A MEMORIA . UM TEMPO DO ESQUECIMENTO

DONZIS Liliana


*A memória é um tempo lógico que se escreve com a letra do esquecimento.

Em 1924 Sigmund Freud se surpreendia com uma técnica de escrita e memória que se produzia por meio da impressão de um traço sobre uma lâmina de celulóide colada a uma capa de cera, nela algo se gravava deixando uma marca que posteriormente podia apagar-se. Através do block maravilhoso Freud propôs que a memória se sustenta numa escrita e na descontinuidade do sistema perceptivo. Este último aspecto constitui: " A base da idéia do tempo ".(1). Escrita e descontinuidade sao a ligação entre o antes e o depois. Um traço deixou, no tempo passado do verbo, um traço que a posteriori se apagará. E, deste jeito que o tempo freudiano implica que o porvir se sedimenta de traços do passado que se atualizam por retroação em série.

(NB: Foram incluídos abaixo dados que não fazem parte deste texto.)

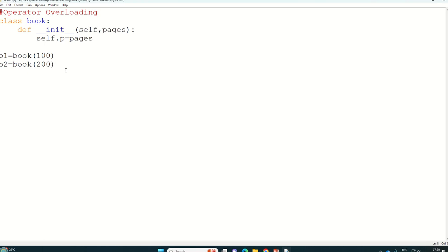Hello everyone. So in my previous video, we have already learned all about operator overloading.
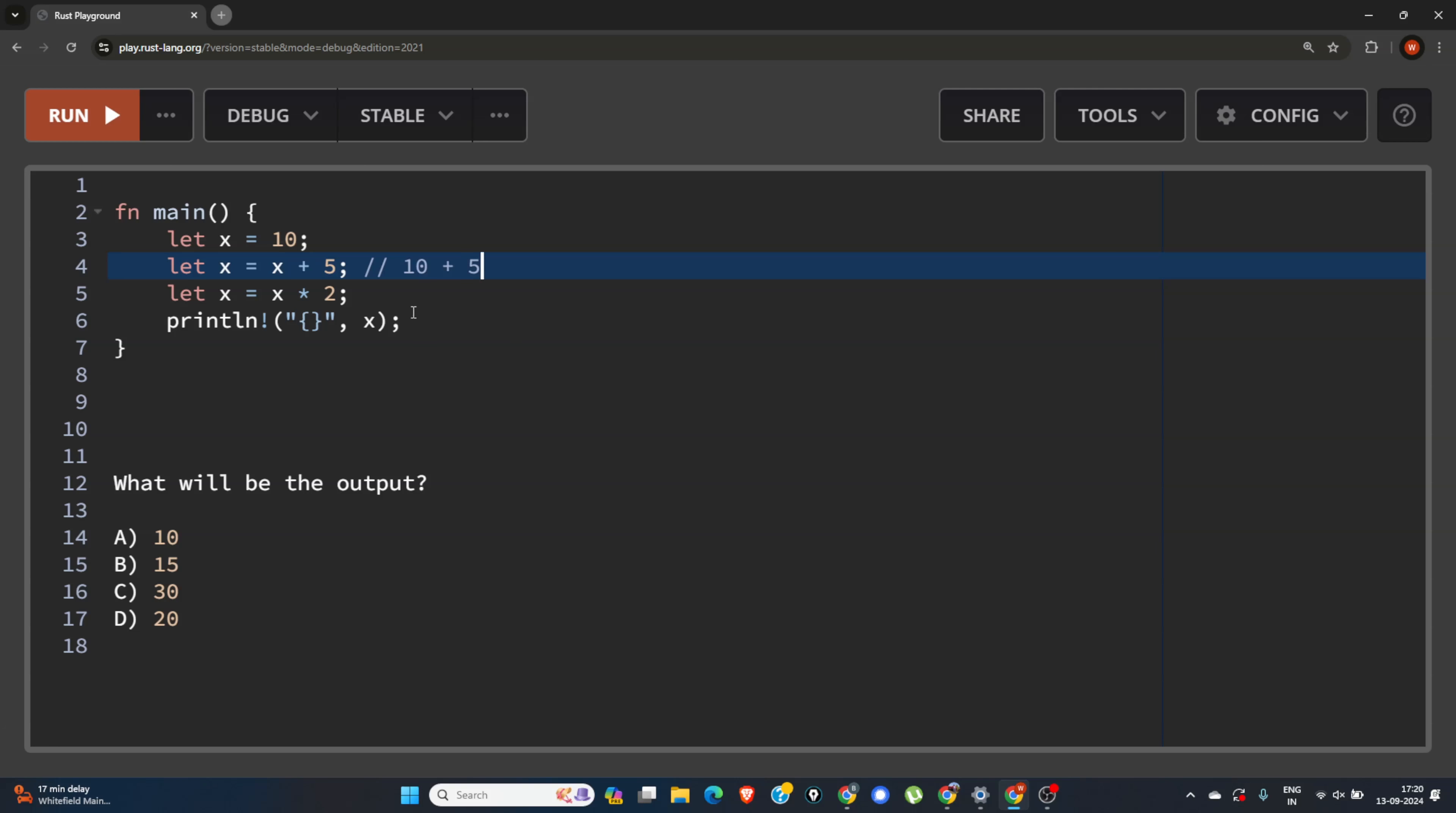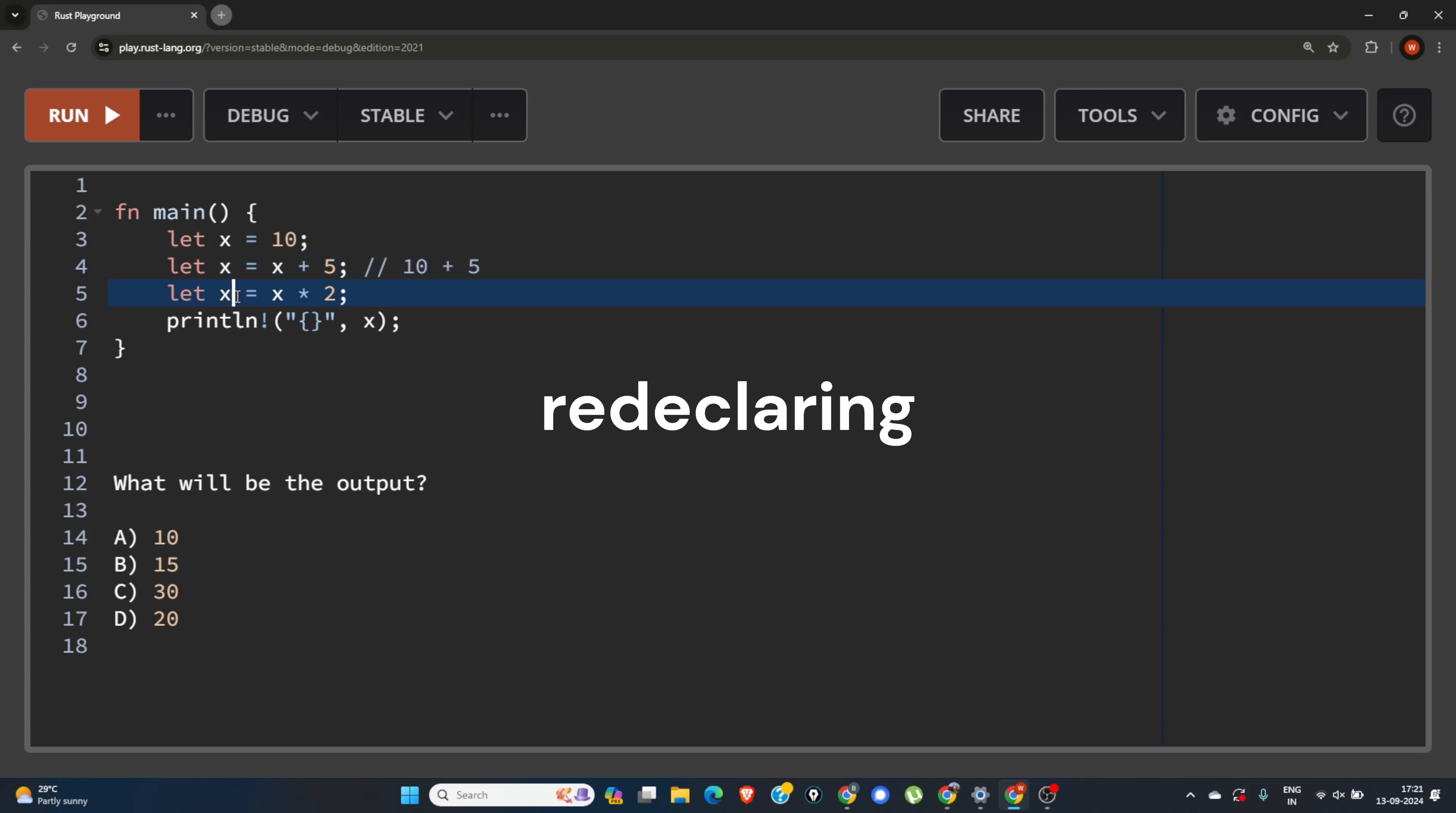And again, we are doing the same thing here. We are shadowing the X, this X which is in line number 4, by redefining the X again. But we are using the value of X which was 15.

A memória freudiana se tece no tear do esquecimento. O apagamento do traço implica um complexo processo cuja laçada oriunda é irredutível: o urverdrängt não ressurgirá jamais, esquecimento radical que a maneira de um imã atrai as novas impressões do sistema receptor cujo funcionamento é descontínuo. As impressões traçadas portarão essa escansão, esse silêncio , essa espera que podemos designar como corte e silêncio: descontinuidades do tempo perceptível. A laçada se constrói fiando e perdendo, o tecido que se perde pode chamar-se de esquecimento. Se a memória consegue recobrar em um cifrado e possível descifrado de traços é porque pagou sua dívida, isto é, o preço de um esquecimento. A memória produz no retorno do esquecimento por meio de uma ficção, em certas ocasiões disfarçada que vela e revela algo da verdade; fornece-se do esquecimento para falar com a língua da repressão. Entre o antes e o depois se tecerão as astúcias da estratégia do esquecimento. Escrita maravilhosa do real que permite guardar a fugacidade do instante no que se escrevem traços a priori incalculáveis. Essa memória que guarda o eficaz do esquecimento, falha mas não fracassa na sua tentativa de retorno, destitui a possibilidade de um regresso no tempo perfeito do verbo. Em outras palabras, a memória é a impossível certeza da lembrança. Lembra-se do esquecido fragmentos escolhidos do real.

Freud situa tempos instituintes do sujeito do inconsciente nos que a repressão delimita um antes e um depois das operações que na sexualidade infantil deixam como saldo a entrada na lógica que se denomina latência, tempo em souffrance do sujeito, na espera de um gozo sexual e em interrogação a ele. (2)

A partir do ensino de Lacan é possível efetuar outra leitura nos tempos de escrita do sujeito?. São do mesma estofa os tempos instituintes que se delinham na perspectiva do sujeito do inconsciente que o tempo do sujeito do ato?. E ainda do tempo ou dos tempos que concernem à borromeanização do cadenó, sujeito encadeado no nó?.

*A memória véu fantasmático de um tempo em ato .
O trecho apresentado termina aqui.